Jakarta – Ahli hukum kehutanan dari Universitas Al Azhar Indonesia, Sadino, menyatakan bahwa tindakan hukum. Perlu diambil untuk menangani banyaknya kasus penjarahan kelapa sawit.
Dalam sebuah pernyataan di Jakarta pada hari Senin, dia menyoroti banyaknya penjarahan yang terjadi setelah penyegelan dan pengambilan alih ribuan hektare lahan sawit di Kalimantan Tengah oleh Satgas Garuda Penertiban Kawasan Hutan.
Sadino mengungkapkan bahwa jika penjarahan ilegal ini tidak segera dihentikan, hal itu dapat mengganggu produktivitas industri kelapa sawit yang mendukung perekonomian negara.
“Saya khawatir kejadian ini akan menyebar ke wilayah lain, terutama di tempattempat yang sudah dipasang tanda. Ini berarti arahan Presiden Prabowo Subianto tidak diindahkan, yang meminta agar produksi dan keberlanjutan industri sawit tidak terganggu,” ujar Sadino.
Dia menyatakan bahwa pemerintah menghadapi keterbatasan dalam jangkauan dan dana, sehingga pengawasan tidak mencakup seluruh area karena luasnya lahan sawit yang terpisah. Selain itu, pendekatan pengamanan oleh TNI bukan bagian dari tugasnya.
Bagi perusahaan, hal ini menimbulkan kebingungan karena Perpres No 5 Tahun 2025 memberi peluang bagi negara untuk mengambil alih lahan sawit meskipun tidak tercakup dalam Undangundang Cipta Kerja.
Sadino berpendapat bahwa aparat keamanan seharusnya tidak memasang tanda kepemilikan sebelum status lahan dipastikan jelas, karena negara juga akan kesulitan dalam mengatasi masalah sosial yang muncul.
Dia juga menilai pengambilalihan lahan oleh Satgas bertentangan dengan Pasal 110A dan 110B UU No 6 tahun 2023 mengenai Cipta Kerja.
Lebih lanjut, pengambilan lahan yang sudah memiliki izin hak guna usaha (HGU) dipastikan akan menurunkan minat investor untuk berinvestasi di sektor perkebunan.
Menurut Sadino, status hukum Satgas bisa menjadi bahan perdebatan dalam penegakan hukum.
Dia berharap keberadaan Satgas tidak menghalangi proses produksi dan produktivitas lahan sawit.

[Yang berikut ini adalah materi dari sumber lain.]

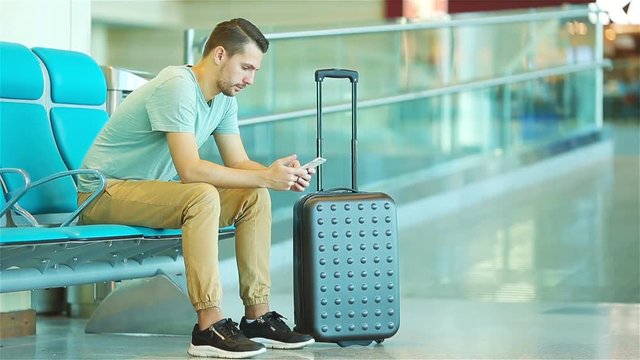 Young man in an airport lounge waiting for flight aircraft. Caucasian man with smartphone in the waiting room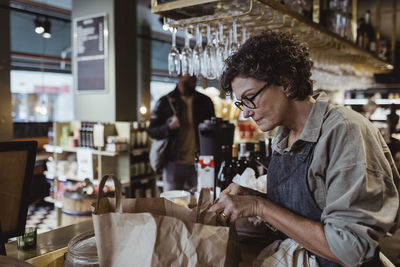 Female owner packing order in paper bag at delicatessen shop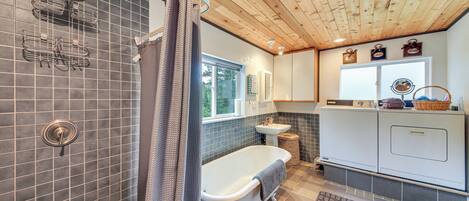 A bathroom with a bathtub, shower, and tiled walls.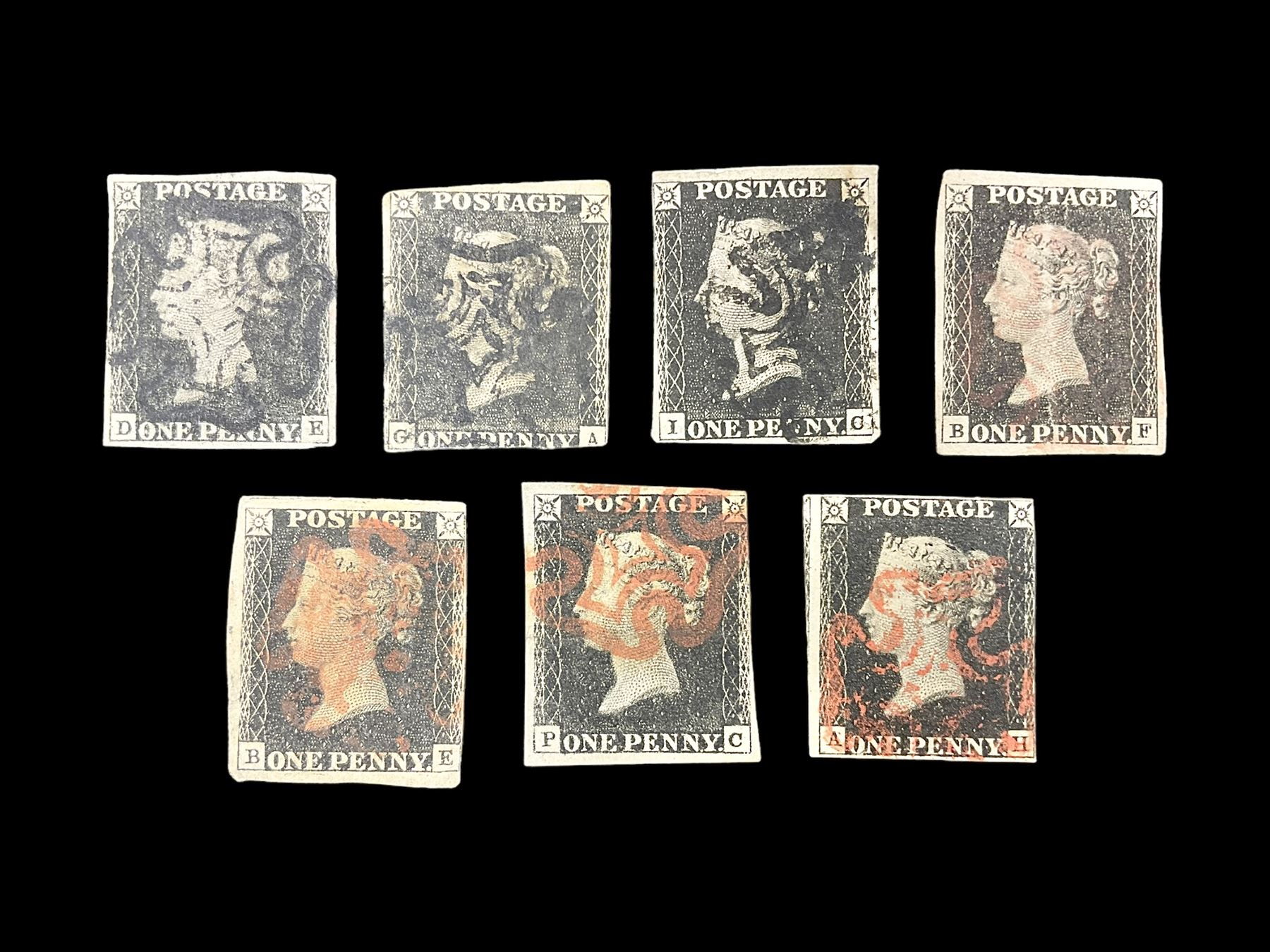 Seven Great Britain Queen Victoria penny black stamps, three with black and four with red MX cancels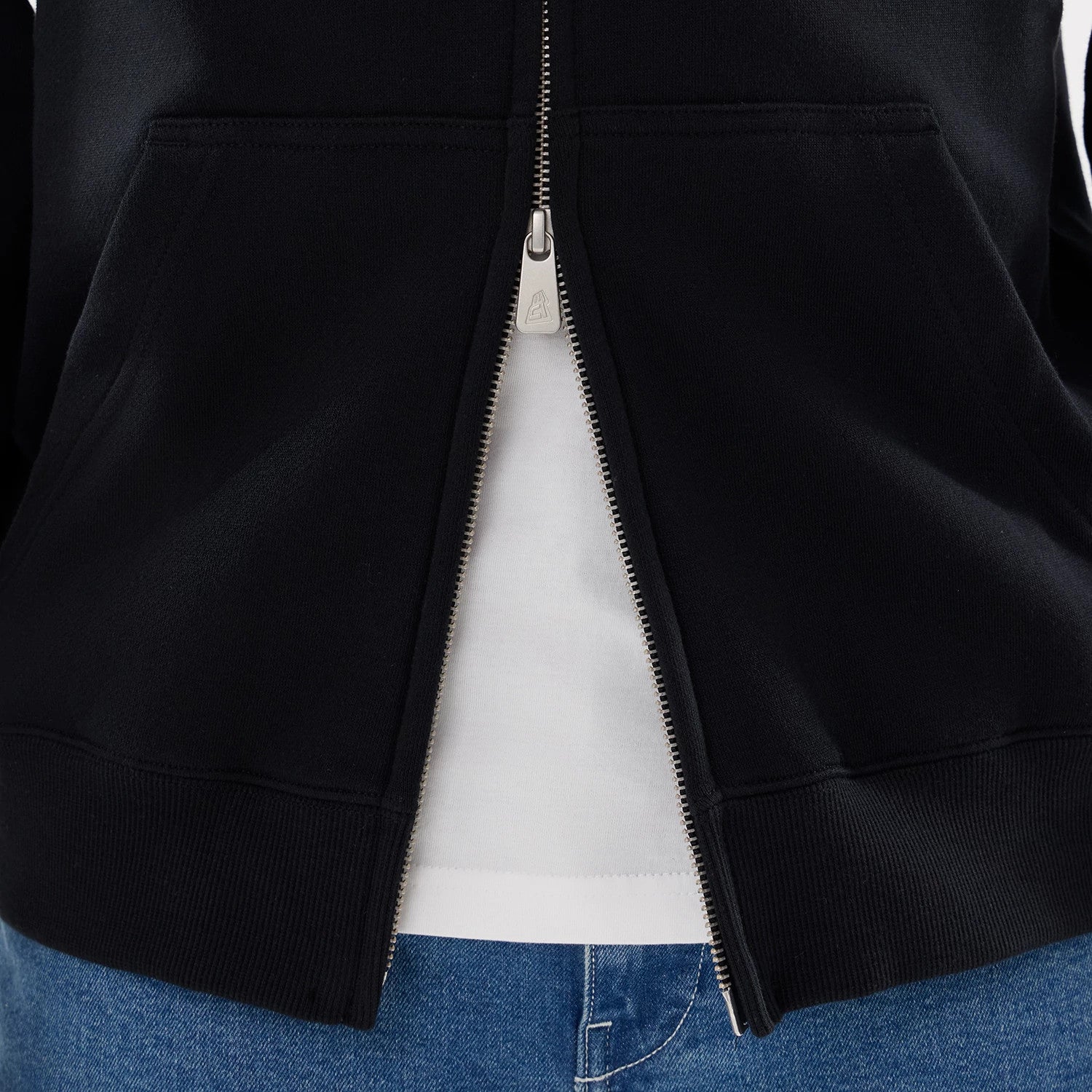 The model is wearing this MLB Word Art New York Yankees 2 Way Full Zip Hoodie in black. 6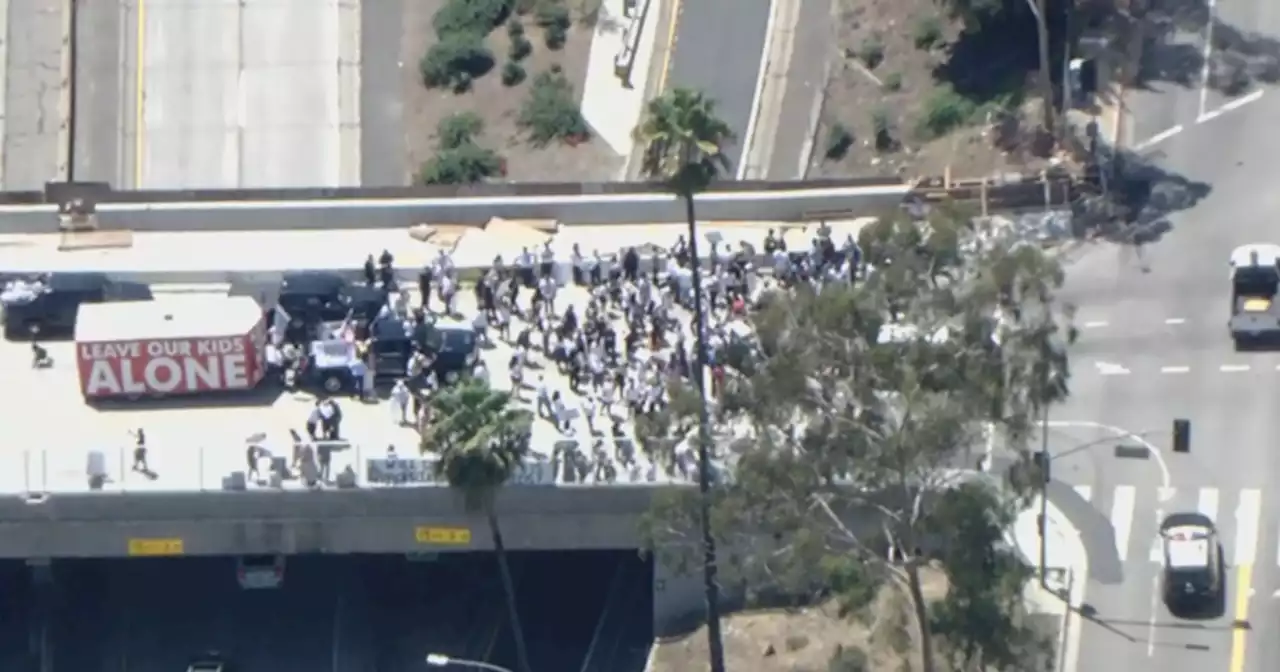 2 people detained as parents-rights and LGBTQ+ groups hold duel rallies downtown Los Angeles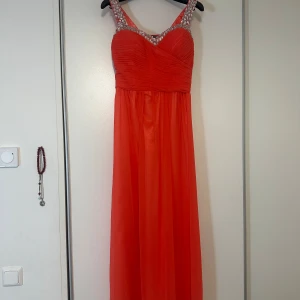 Röd långklänning med pärldetaljer - Snygg orange långklänning med pärldetaljer på axelbanden och runt halsringningen. Klänningen har en vacker drapering över bysten och en flytande kjol. Perfekt för en elegant kväll.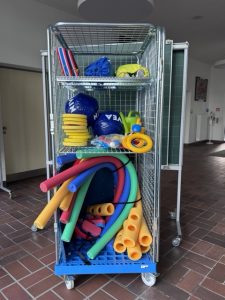 Gitterbox als Materialwagen gefüllt mit verschiedenen Schwimmhilfen und Schwimmutensilien (Bretter, Schwimmnudeln, Wasserbälle, Spielzeug).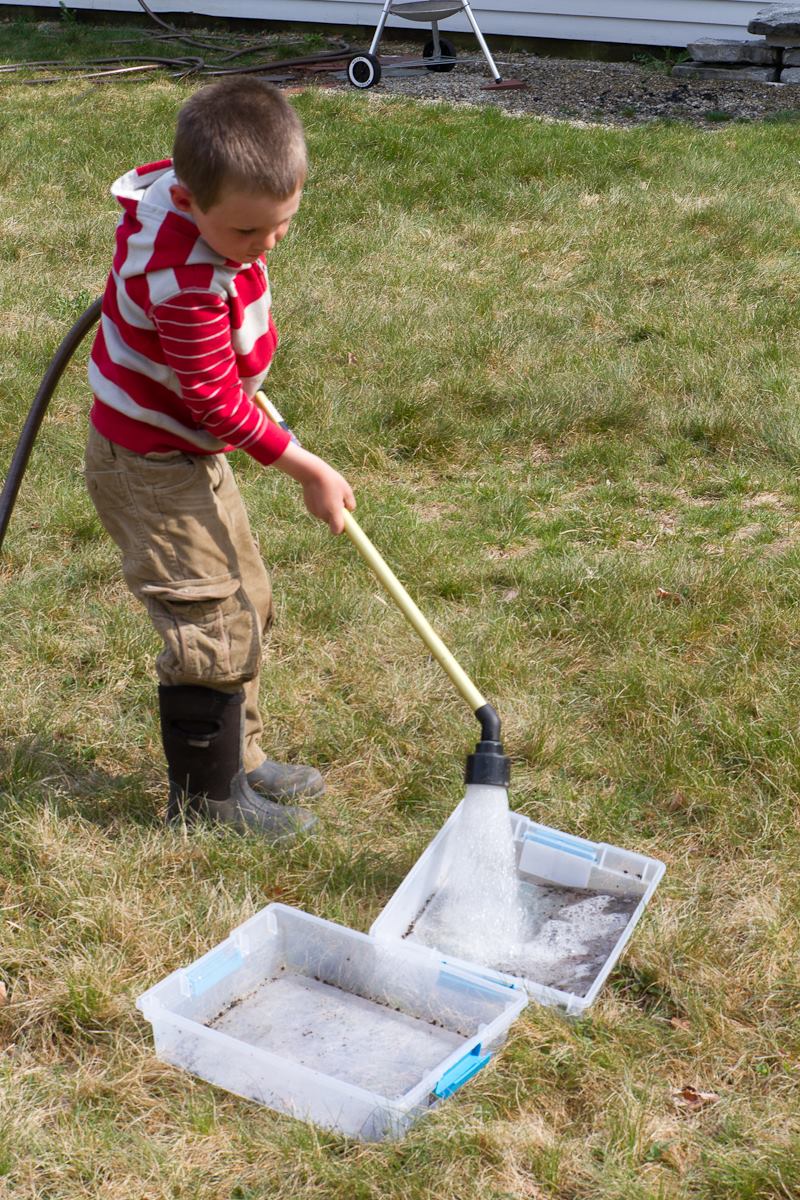 boy washes out plastic bins with spray attachment on hose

“Saya sangat berharap agar hal ini tidak mengganggu perekonomian. Tanah yang sudah memiliki hak, seperti SHM (sertifikat hak milik), HGB (hak guna bangunan), dan HGU (hak guna usaha) yang bukan kawasan hutan, seharusnya dikeluarkan,” kata Sadino.
Sektor kelapa sawit memiliki kontribusi besar terhadap perekonomian negara. Menurut Kementerian Keuangan, diperkirakan kapasitas produksi nasional industri kelapa sawit tahun 2023 mencapai Rp729 triliun.
Industri sawit memberikan kontribusi sekitar Rp 88 triliun kepada APBN 2023, yang terdiri dari penerimaan pajak Rp 50,2 triliun, PNBP Rp 32,4 triliun, dan Bea Keluar Rp 6,1 triliun.
Saat ini, sektor sawit di Indonesia melibatkan 2,4 juta petani swadaya dan 16 juta tenaga kerja.